DAMON: Hadid (ph) seems deserted but the fighters of the Free Syrian Army say it's not just about defending residents still here but the property of those that have fled. They say Assad loyalists would steal or destroy anything they can get their hands on.

At another position along the street, Hazem is on high alert. "There is movement. Be ready at my signal," he says calmly.


DAMON: Syrian government forces are fanning out across the road. "There is movement in your direction," a call on the radio warns.

"I am ready," Hazem responds.


DAMON: The 40-year-old machine gunner fires off two rounds, takes aim again, and his weapon jams. Cursing under his breath, he clears it and aims again. "We can't just have a one-sided cease- fire," he says indignantly. "They can't expect us to come under fire and not respond."

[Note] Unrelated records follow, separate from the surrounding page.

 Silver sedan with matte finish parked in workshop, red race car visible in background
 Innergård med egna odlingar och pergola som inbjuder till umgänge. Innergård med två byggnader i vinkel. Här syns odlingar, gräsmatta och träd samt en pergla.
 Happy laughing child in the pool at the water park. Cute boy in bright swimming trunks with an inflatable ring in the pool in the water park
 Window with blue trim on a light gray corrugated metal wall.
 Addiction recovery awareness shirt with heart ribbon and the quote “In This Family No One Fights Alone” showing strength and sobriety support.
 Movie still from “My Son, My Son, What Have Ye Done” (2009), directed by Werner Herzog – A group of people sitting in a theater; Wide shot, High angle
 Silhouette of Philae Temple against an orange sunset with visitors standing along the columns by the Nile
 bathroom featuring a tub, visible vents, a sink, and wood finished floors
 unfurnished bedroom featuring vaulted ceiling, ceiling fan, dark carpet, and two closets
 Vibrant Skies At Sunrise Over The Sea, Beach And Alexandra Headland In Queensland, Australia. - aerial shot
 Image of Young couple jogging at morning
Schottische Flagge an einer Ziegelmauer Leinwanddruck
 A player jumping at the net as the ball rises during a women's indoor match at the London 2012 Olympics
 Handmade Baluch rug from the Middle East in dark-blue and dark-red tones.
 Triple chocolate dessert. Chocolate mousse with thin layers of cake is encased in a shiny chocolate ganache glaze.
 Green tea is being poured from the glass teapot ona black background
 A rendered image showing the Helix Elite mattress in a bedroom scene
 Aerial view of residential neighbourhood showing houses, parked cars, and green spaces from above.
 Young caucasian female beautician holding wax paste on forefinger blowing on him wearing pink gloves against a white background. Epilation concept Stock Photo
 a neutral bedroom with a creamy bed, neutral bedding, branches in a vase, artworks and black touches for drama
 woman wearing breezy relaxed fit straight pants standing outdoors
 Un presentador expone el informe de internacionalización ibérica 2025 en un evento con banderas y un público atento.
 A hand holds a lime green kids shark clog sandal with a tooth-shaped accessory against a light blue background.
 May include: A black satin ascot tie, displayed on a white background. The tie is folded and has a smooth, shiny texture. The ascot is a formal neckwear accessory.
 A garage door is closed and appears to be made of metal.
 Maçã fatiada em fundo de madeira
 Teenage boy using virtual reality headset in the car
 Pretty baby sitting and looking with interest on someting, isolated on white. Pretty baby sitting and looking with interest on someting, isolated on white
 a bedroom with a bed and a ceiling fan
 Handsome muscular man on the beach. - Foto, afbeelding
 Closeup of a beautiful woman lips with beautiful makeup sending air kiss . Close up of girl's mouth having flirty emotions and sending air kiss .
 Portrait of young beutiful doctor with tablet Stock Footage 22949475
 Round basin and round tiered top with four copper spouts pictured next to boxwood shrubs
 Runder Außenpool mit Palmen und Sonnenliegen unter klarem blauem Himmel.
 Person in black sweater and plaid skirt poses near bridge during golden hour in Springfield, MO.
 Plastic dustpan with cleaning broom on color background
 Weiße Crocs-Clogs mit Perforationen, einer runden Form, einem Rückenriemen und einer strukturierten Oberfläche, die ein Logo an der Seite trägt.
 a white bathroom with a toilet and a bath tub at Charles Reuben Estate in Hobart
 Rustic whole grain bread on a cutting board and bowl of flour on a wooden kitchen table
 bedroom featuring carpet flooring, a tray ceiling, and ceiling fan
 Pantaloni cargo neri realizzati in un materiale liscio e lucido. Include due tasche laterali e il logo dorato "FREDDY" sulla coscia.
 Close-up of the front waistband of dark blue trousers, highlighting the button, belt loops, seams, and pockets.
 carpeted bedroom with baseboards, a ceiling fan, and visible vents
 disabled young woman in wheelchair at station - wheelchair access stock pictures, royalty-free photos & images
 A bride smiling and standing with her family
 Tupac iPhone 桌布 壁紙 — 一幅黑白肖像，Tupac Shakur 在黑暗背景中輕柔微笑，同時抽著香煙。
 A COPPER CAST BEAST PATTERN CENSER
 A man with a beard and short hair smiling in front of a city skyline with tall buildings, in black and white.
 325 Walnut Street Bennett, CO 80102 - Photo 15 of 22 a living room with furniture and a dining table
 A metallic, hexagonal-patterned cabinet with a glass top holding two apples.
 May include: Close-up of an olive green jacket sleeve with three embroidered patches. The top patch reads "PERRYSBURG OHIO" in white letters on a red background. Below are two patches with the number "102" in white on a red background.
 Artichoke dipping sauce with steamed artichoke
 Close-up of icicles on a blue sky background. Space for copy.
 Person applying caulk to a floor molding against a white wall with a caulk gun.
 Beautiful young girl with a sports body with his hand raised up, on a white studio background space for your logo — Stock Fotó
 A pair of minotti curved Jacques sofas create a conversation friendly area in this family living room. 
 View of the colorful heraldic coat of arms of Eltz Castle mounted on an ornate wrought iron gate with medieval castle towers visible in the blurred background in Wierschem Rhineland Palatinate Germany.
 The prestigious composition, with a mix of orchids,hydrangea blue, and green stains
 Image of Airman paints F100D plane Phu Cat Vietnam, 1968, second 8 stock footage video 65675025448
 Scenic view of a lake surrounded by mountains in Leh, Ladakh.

KING: Again, that's CNN's Arwa Damon. Joining me now for more insight on the crisis in Syria is Fareed Zakaria, the host, of course, of "FAREED ZAKARIA GPS," editor at large for "TIME" magazine.

Fareed, when we started having this conversation about what to do in Syria more than a year ago, we were watching demonstrations in the street, largely peaceful protests against the government. If you see that video right there, it's clear, this has evolved in what you'd have to call a civil war. Is there any hope in sight?

FAREED ZAKARIA, HOST, "FAREED ZAKARIA GPS": I can't offer any real hope, John. I think that when we started this conversation, you recall I always thought it would be tough to dislodge Assad. It's a very brutal, very tough rough. It does what it takes, and it -- and it has no mercy, really, no restraint. You're seeing that. But what's striking is they are finding it more difficult to maintain control.

Homs, after all, is a place where they had this huge massacre. It was meant to be a deterrent. It was meant to send a chilling signal to the insurgents: if you continue, we will wipe you out. Well, they're continuing. So that's the gist, that while the government still doesn't seem to be in any danger of losing right now, it is having to work a lot harder to hold this place together. And that might be related to the reshuffle which, of course, we don't really understand. But something is going on at the elite level, as well.

KING: And as that something goes on, there's an effort to reshuffle the diplomacy, as well. Kofi Annan's mission, the former United Nations secretary-general, his mission has failed, by all accounts. A cease-fire in place that both sides, frankly, are ignoring.

Now, the Russians say, "Let's bring Iran into the conversation. Kofi Annan seems open to bringing Iran into the conversation." Some big regional meeting, bringing the western powers. But the United States is very skeptical, Secretary of State Clinton saying it's hard to imagine inviting a country that is stage-managing Assad's regime's -- regime's assault on its own people.

Is Iran part of the answer or part of the problem?

ZAKARIA: I have some sympathy for what Kofi Annan is suggesting. Look, you have to remember, we've given Kofi Annan a kind of no-win mission, which is try and get rid of Assad. And by the way, we have no -- you have no pressure that you can assert on him. The west is not really going to get involved militarily. There is very little economic pressure right now, because the U.N. sanctions route is blocked by Russia and China.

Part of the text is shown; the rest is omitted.